Puerto Rico Bankers Association reinforces anti-fraud educational efforts
The Puerto Rico Bankers Association (PRBA) announced the start of the second phase of its educational effort “Es un Pescao.” By using the phrase “If it smells fishy, it’s fishy,” the entity seeks to heighten the sense of awareness and suspicion in the general population to help people identify fraud in its different forms, the organization stated.
“When we presented ‘Es un Pescao’ a year ago, we focused on educating consumers on telltale signs of different fraud schemes so as to help them avoid falling for scammers’ tricks,” said Zoimé Álvarez-Rubio, executive vice president of the PRBA.
“We brought to their awareness the variety of pressure tactics scammers use over the phone, the danger of clicking on suspicious links, we also covered text messages and emails requesting urgent action; and emphasized the importance of not giving out personal or financial information such as your PIN number, and others,” she said.
“Now that they’re aware of these signs, we want to help them develop and sharpen that sixth sense or instinct that makes you think ‘something doesn’t smell right.’ Mainly the elderly population, that is one of the most vulnerable sectors,” Álvarez-Rubio said.
Citing the Property and Fraud Division of the San Juan Criminal Investigation Corps (CIC), the entity said the problem continues to be that people do not validate the legitimacy of the source that initiates the contact — through different channels — and they supply personal and/or financial information to scammers or carry out any seemingly “urgent” actions that are requested.
“Fraud never goes away. Every day we see scammers find new ways of deceiving people and taking advantage of current topics or trends to steal their information and property. So, a continuing education program on the subject is still necessary. We bring a clear message: if it smells fishy, it’s fishy,” added Álvarez-Rubio.

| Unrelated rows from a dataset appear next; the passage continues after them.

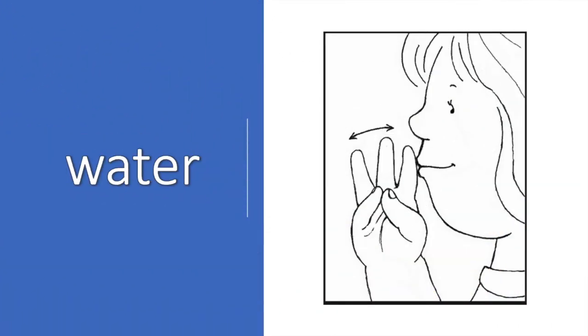Next is water. The sign for water is made by forming your right hand into the letter W. Touch the index finger to your mouth twice.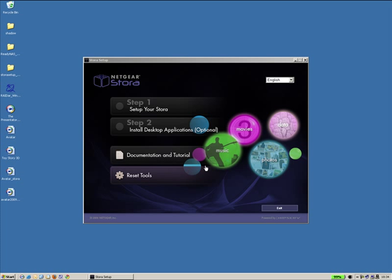Welcome to the Stora Setup walkthrough. This guide assumes you have connected your Stora to your home router and power supply and takes you through the installation wizard on the included resource CD. This walkthrough was made using Windows XP.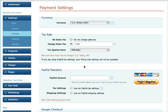Hey everyone, this is Rishi and I want to show you how to use PayPal tax settings and set that up in your PayPal account.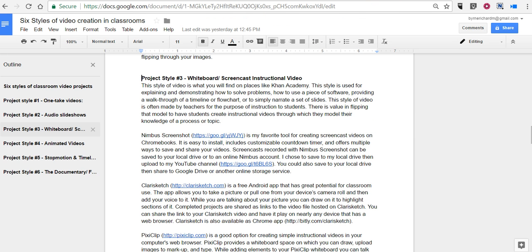So that's how you can jump to a section of your documents by using the Outline tool in Google Documents. As always, for more tips and tricks like this, please check out PracticalEdTech.com and Freetech4Teachers.com.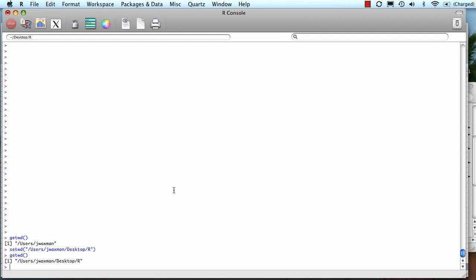I'm going to give the file a variable name when I import it. So I'll just call it grades. And then I'm going to do my assignment operator and say read CSV.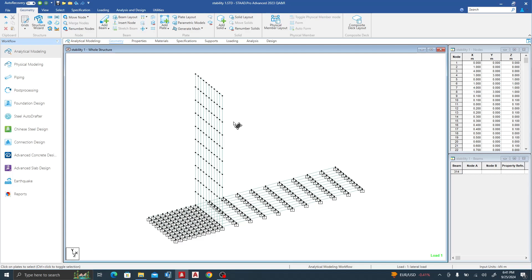Good day guys, welcome to today's lesson. We are going to be talking about stability checks in STAAD Pro. I've modeled a three-meter cantilever retaining wall. The toe is one meter from this node to this node, and from this node to this node is the heel, which is three meters.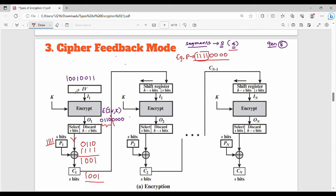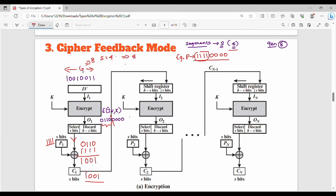For the next step, we have the initialization vector value 10010011. We perform a left shift. The left shift amount is B-S bits. B is 8 and S is 4, so B-S = 4 bits. We left shift the IV by 4 bits.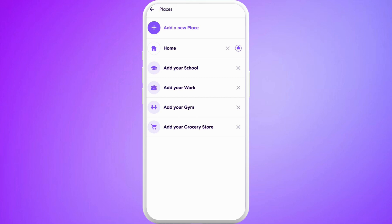Once you're in this Places space, from here you can select different locations for different places. For example, you can set your home address, your school address, your work address, your location of gym, the grocery store. For now, I've just set my home location.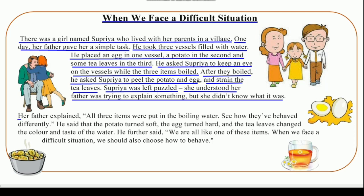Her father explained, and then she understood. All three items were put in the boiling water. Her father told her to see how they have behaved differently.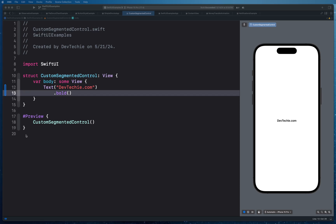Hello and welcome back. In this video we're going to be creating a segmented control to allow users to choose between multiple segments or options. In SwiftUI you might use a picker view, but we can build a custom segmented control by combining other SwiftUI views. Instead of using the picker view, we're going to build a segmented control from scratch, starting with a simple enum which will contain the options or segments.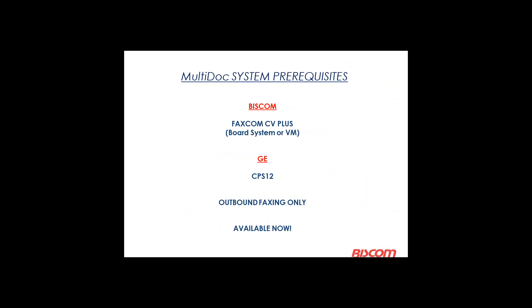So as I mentioned, the requirement for Multi-Doc is to have CPS 12 for GE and CV Plus for BizCom. Now, you can virtualize. You can also use a system with a board in it. Either way is okay with us. Right now, Multi-Doc is for outbound faxing only, as you'll see during the demonstration. And it is available now. We've got it installed already at some locations, and so far, so good.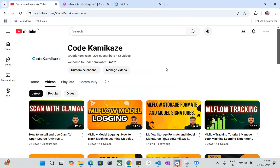Hi everyone, welcome to CodeKamkaji YouTube channel. I hope everybody are doing good. In the last video we discussed about how to log a machine learning model into MLflow, and continuing that series, today we will be discussing about how we can create a model registry and how we can log a model inside the machine learning model registry in MLflow. So stay tuned.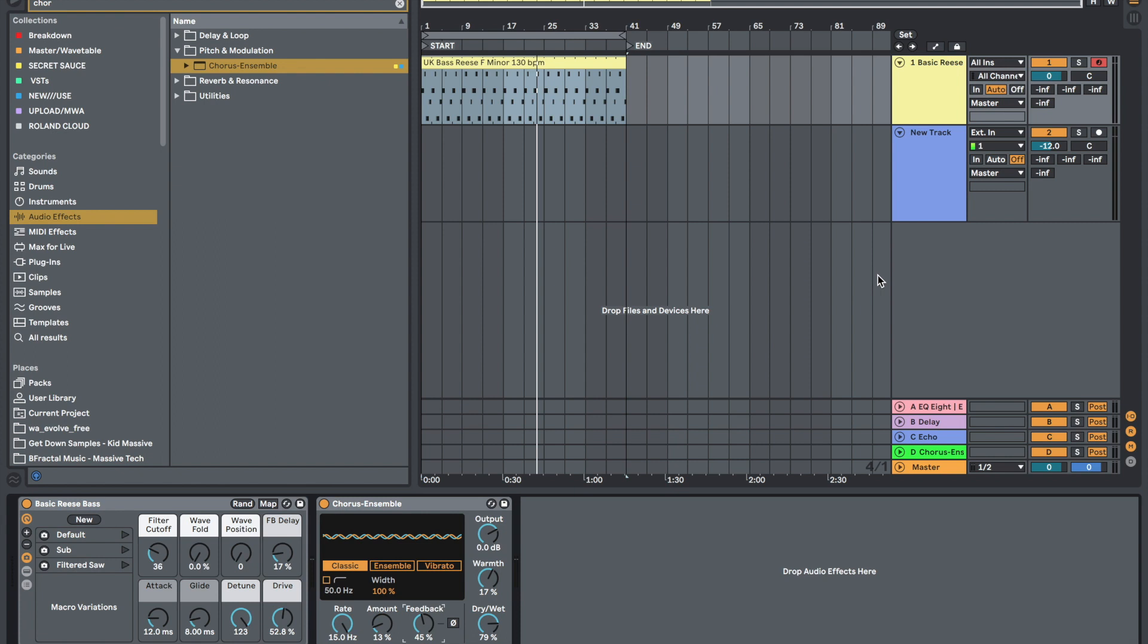This is useful as it saves you time and helps speed up your workflow. I really recommend this tip if you can find a nice blend of audio effects that sounds really good.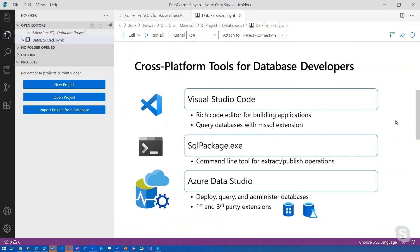and publish operations through this command line tool. Just like Visual Studio Code, sqlpackage.exe is available for not only Windows, but also Linux and macOS. Last but not least is Azure Data Studio, where you're able to deploy, query, and administer databases, and through great first and third-party extensions, we're able to add functionality like SQL Database Projects.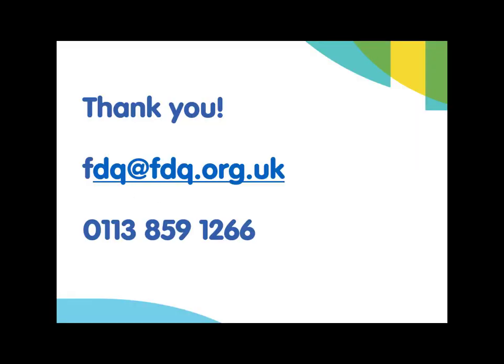Thank you for taking the time to watch this tutorial. If you require any further assistance, please contact us using the details shown on screen.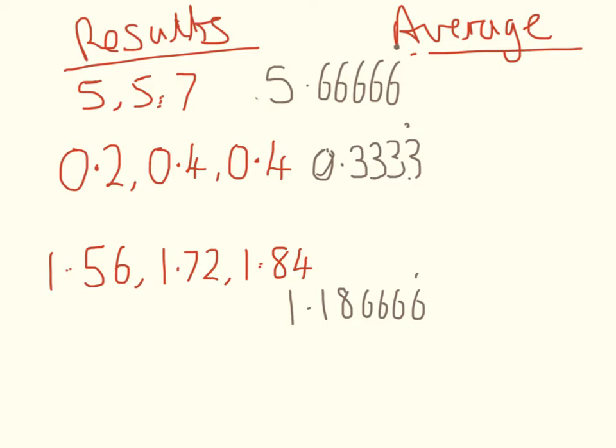You've worked out your average, you've got the mean, and these are the numbers that your calculator says. How do you know what is an appropriate number of significant figures to write down in your results table?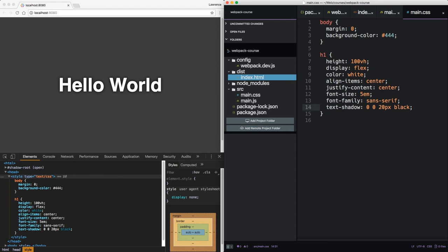In this episode, we learned how to add CSS loaders to get styles auto-reloading in the browser. We then tested a bit of the CSS linting Webpack gives us. Next, we'll continue our discussion of loaders by seeing how Webpack handles HTML and image files. See you there.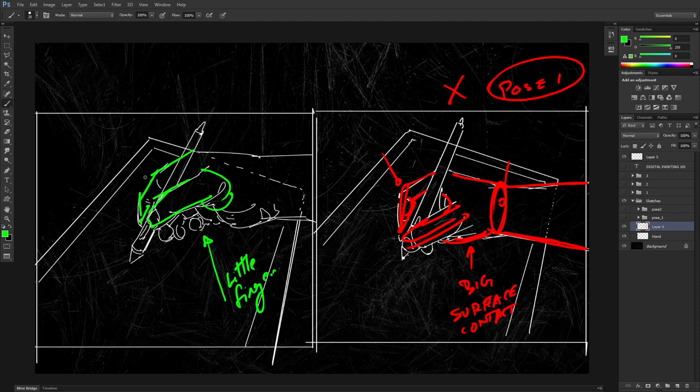If you don't believe me, go look up the way Fengzhu holds his pen, go look up the way Adam Duff holds his pen, go look up Loish — go to her Instagram where the camera hovers over her Cintiq. See the way she holds her pen. This is how I was taught in art school, and the reason I'm bringing it up is because I notice not a lot of YouTubers who make digital art videos talk about this.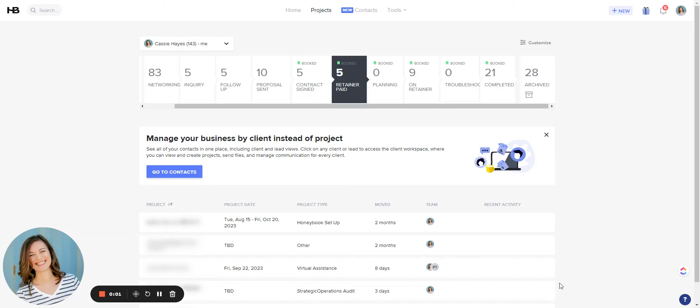Hello and welcome to the Premier Opspot. My name is Cassie Hayes and today I'm going to show you how to leverage HoneyBook's bulk email feature.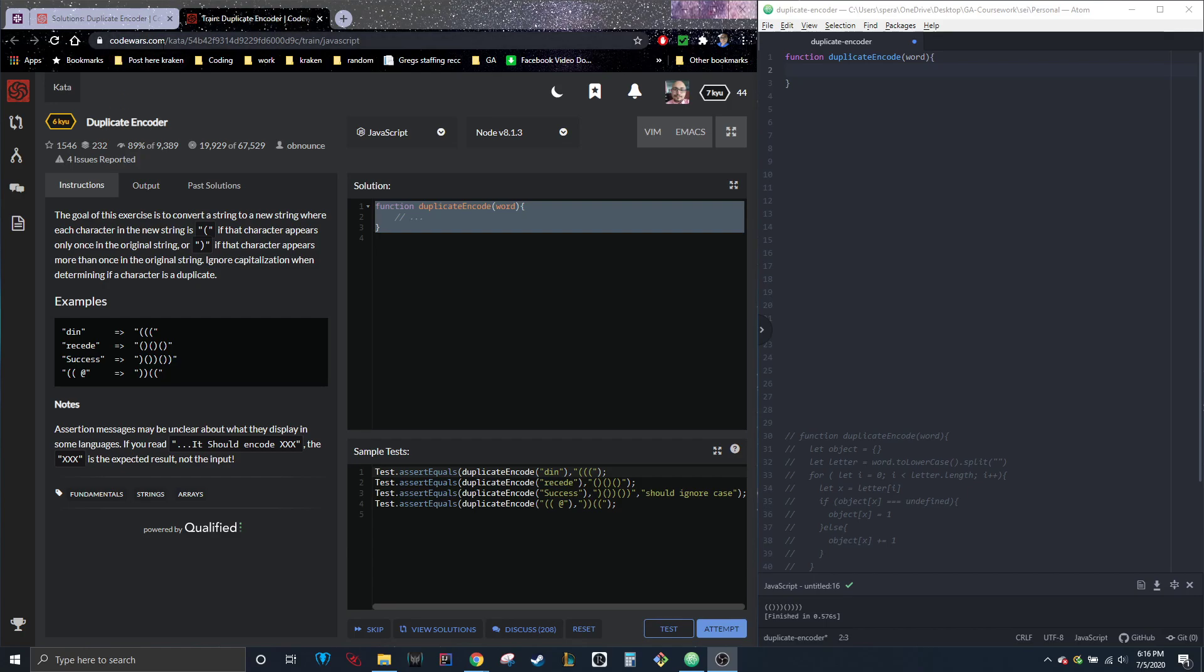So right here, I'm on this website called Code Wars. It's really good. It gives you daily katas. So what that is is just a different problem. You can do many a day or just one or two. I tend to do one to two. Here's an example of a kata right here.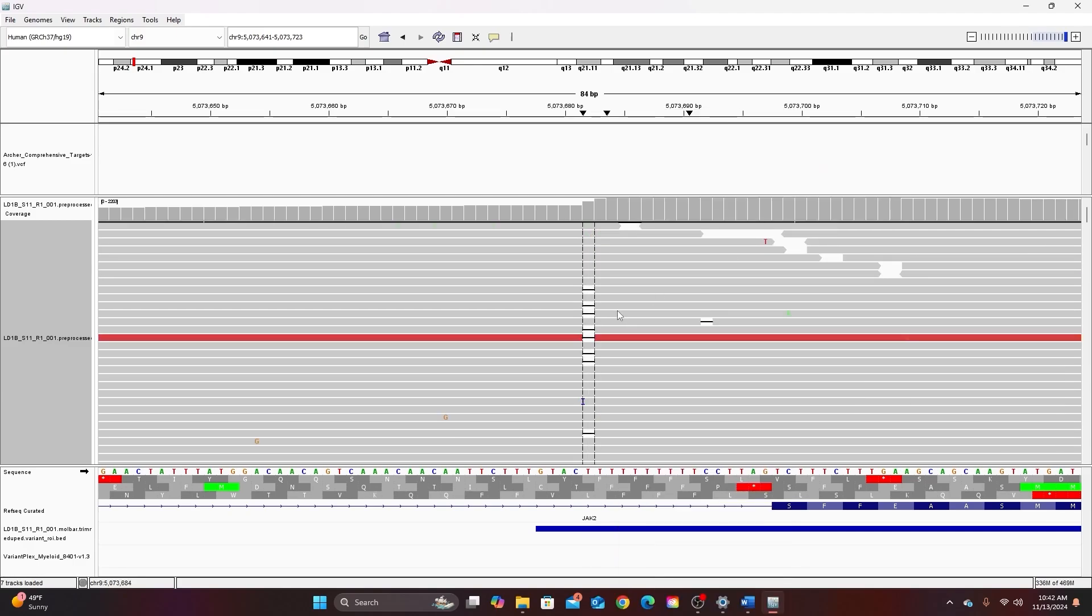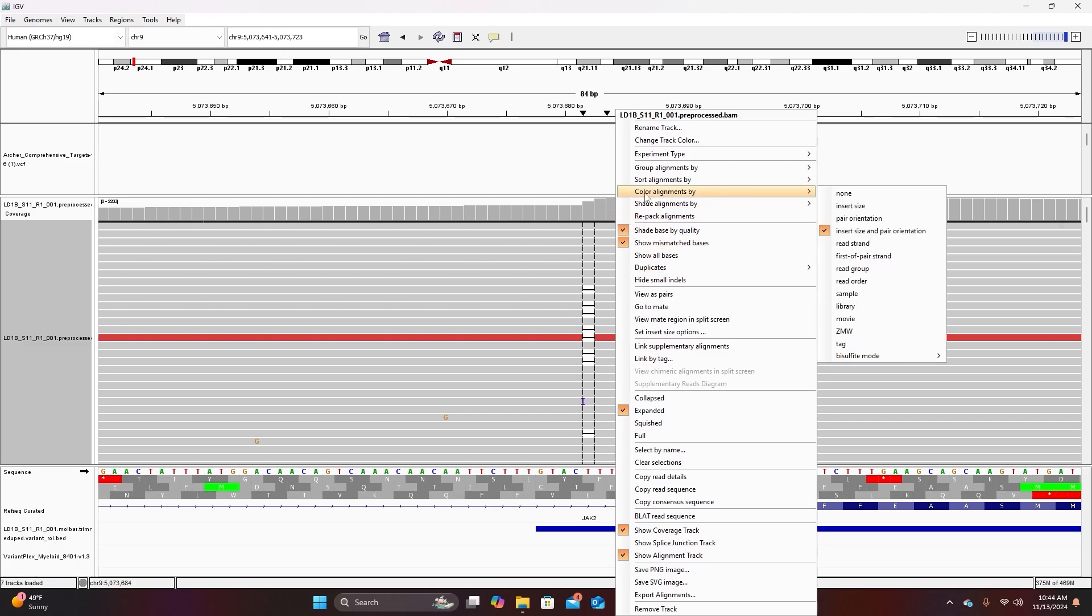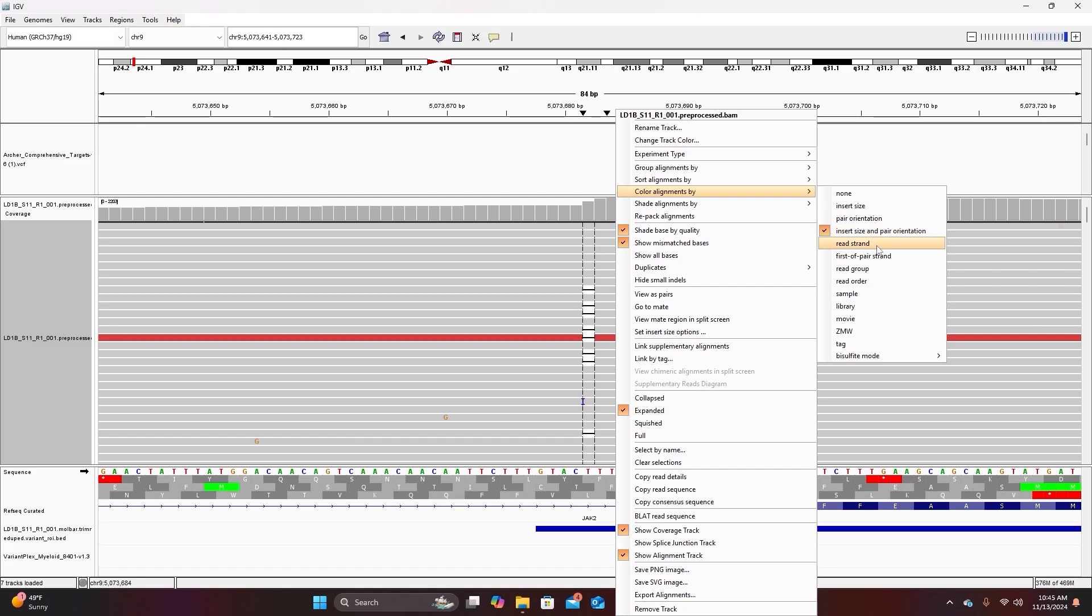So now we're back to normal. There are other color coding options so I can just right click on the alignment and go to color alignments by and you can see that my alignment automatically is colored by insert size and pair orientation. I'm going to wait until video five where we cover structural variants to explain this color coding option. This color coding option is really much more useful for understanding and identifying structural variants. For looking at SNPs and small indels it's much more useful to color alignments by read strand.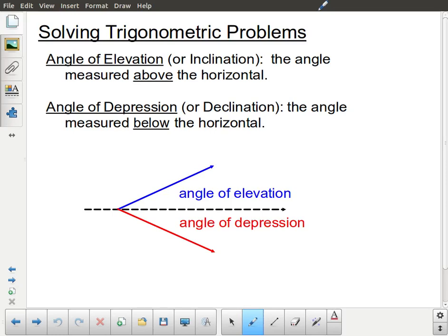So for this lesson we're going to continue to work with right angle trigonometry. This is review of concepts in trigonometry, but we're going to be looking at them in the context of word problems. One of the problems that students run into with word problems is the actual wording, the terminology that's used. One common thing you're going to see is references to angle of elevation and angle of depression — sometimes called an angle of inclination or declination.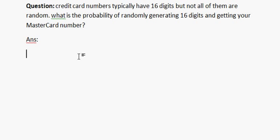Hi everyone, today we will learn how to find probability of a MasterCard number.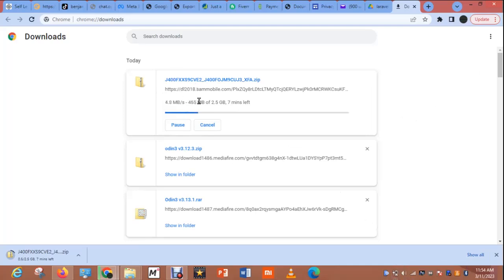If you already know how to download the file, you can skip this part. But I want to show it to people who don't know, because on my course and on my YouTube channel many people ask questions — not everybody knows this. We always show things in detail to enable everybody to follow.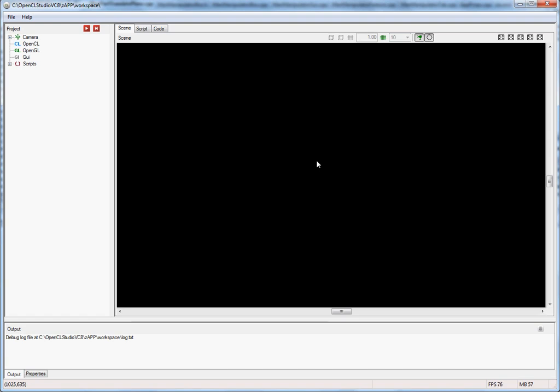This is a tutorial on how to execute kernels in OpenCL Studio. At this point it's assumed that you have already seen the introductory videos and that you know the basic features of the editor.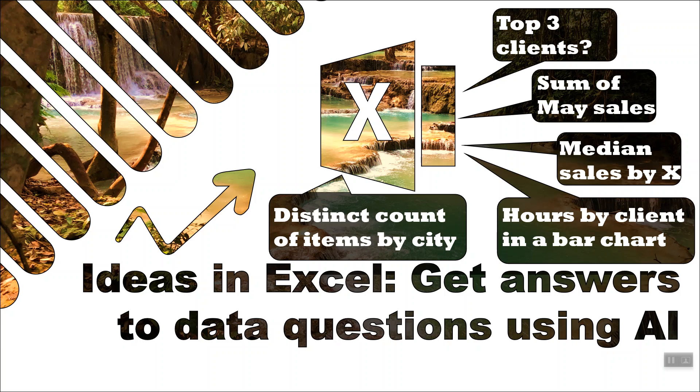Hello there, Excel lovers. My name is David Benign from Excel Consulting, and I'm here with another new video that I'm going to show you about Ideas in Excel. This is a really cool feature that allows you to ask questions to Excel about your data and have it answer them for you.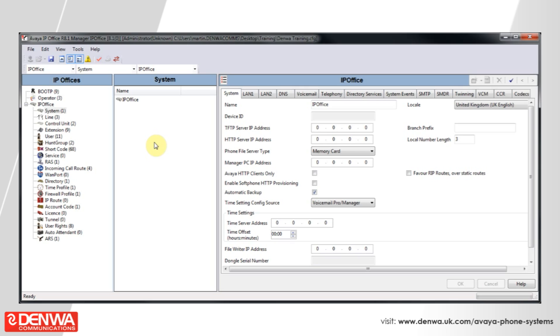So press none and then press OK, and you will see that the extension appears in the users list in the center pane.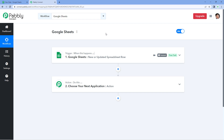Hello and welcome to PavliConnect. In this video we are going to discuss some of the most common mistakes people usually make while connecting their Google Sheet with PavliConnect, and how you can avoid those mistakes as well. So let's begin.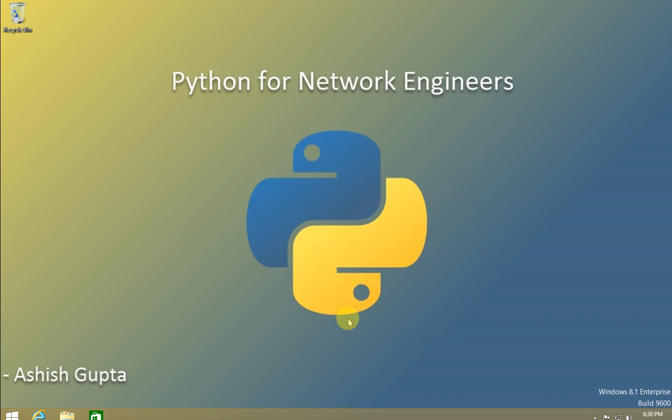Hello guys, this is Ashish. This is my first video about Python for network engineers. I want to show you how to use Python programming language in the network world. This is a very powerful language for network automation and this is our future.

The “If it smells fishy, it’s fishy” campaign comprises graphic material and videos that invite the population to be suspicious when receiving calls, text messages, emails, documents, and electronic links from non-legitimate or unknown sources. It also calls for caution when faced with too-good-to-be-true offers and prizes from contests they haven’t entered.
In addition to covering the most common fraud schemes and offering recommendations on how to act when faced with a possible scam, the campaign will also be constantly updated by including any new scheme that may emerge.
The PRBA’s commercial bank members will support the effort by publishing the campaign on their own social networks for the benefit of their clients and to expand the campaign’s reach, she explained.